Friday, March 5, 2021

Autopsy of an accuracy problem of log2 in Squeak

Some times ago, I've been annoyed by self log: 2 which was performing (self ln / 2 ln).
The problem is that it is inexact for some trivial cases. Whatever the libm used by the VM, we'll always find an integer n, such that (1.0 timesTwoPower: n) ln / 2 ln ~= n.

Rather than hacking the VM and adding a primitive, I have implemented the log2 function like this in Squeak which is way more simple:

    ^self significand ln / Ln2 + self exponent

In Squeak, every Float (but nan as usual) verifies:

    self = (self significand timesTwoPower: self exponent).

Also for every finite Float (but 0.0 and -0.0) - even the denormals (which means that the exponent is more evolved than just extracting the exponent bits):

    1 <= self significand and: [self significand < 2].

Beware when porting, this may differ in other dialects, for example in Visualworks:

    self class emin - 1 <= self exponent and: [self class exponent <= (self class emax + 1)].

Where emin - 1 is for denormals, and emax + 1 is for special values (infinities and NaNs).

Back to our formulation, the nice thing is that self significand = 1.0 if and only if the Float is a power of two. It's so simple that it's the new definition of Float>>isPowerOfTwo in Squeak from now on.

And another nice thing is that 1.0 ln = 0.0 whatever libm implementation. the result is that we have an exact log2 for every exact power of two. That's  goodness, goal achieved!

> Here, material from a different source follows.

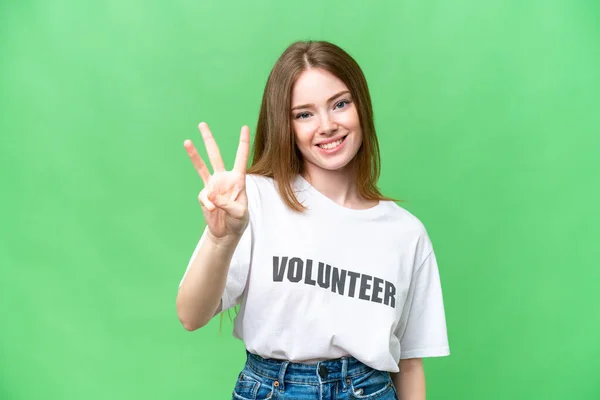 Joven Voluntaria Mujer Sobre Aislado Croma Clave Fondo Feliz Contar — Foto de Stock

From the accuracy side, we have an inexact function with ln, an inexact representation of Ln2 (2 ln), and inexact division, and the last summation which can be inexact too. Even with the best libm library (a correctly rounded one), that's up to 2 ulp of error. That's not too bad for such a simple 1 liner, and just half ulp more than previous implementation!

Err! except in case of catastrophic cancellation!
That's exactly what happens in the neighbourhood of 1.0.
Let's take one example:

    x := 1.0 predecessor.
    x significand = 2.0 predecessor.
    x exponent = -1.
    2.0 predecessor ln/2 ln = 1.0 predecessor.
    1.0 predecessor - 1  = 0.5 ulp negated.
   
x significand ln / 2 ln + x exponent  = 0.5 ulp negated.
    -> -1.1102230246251565e-16

Compared to old implementation:

    1.0 predecessor ln / 2 ln.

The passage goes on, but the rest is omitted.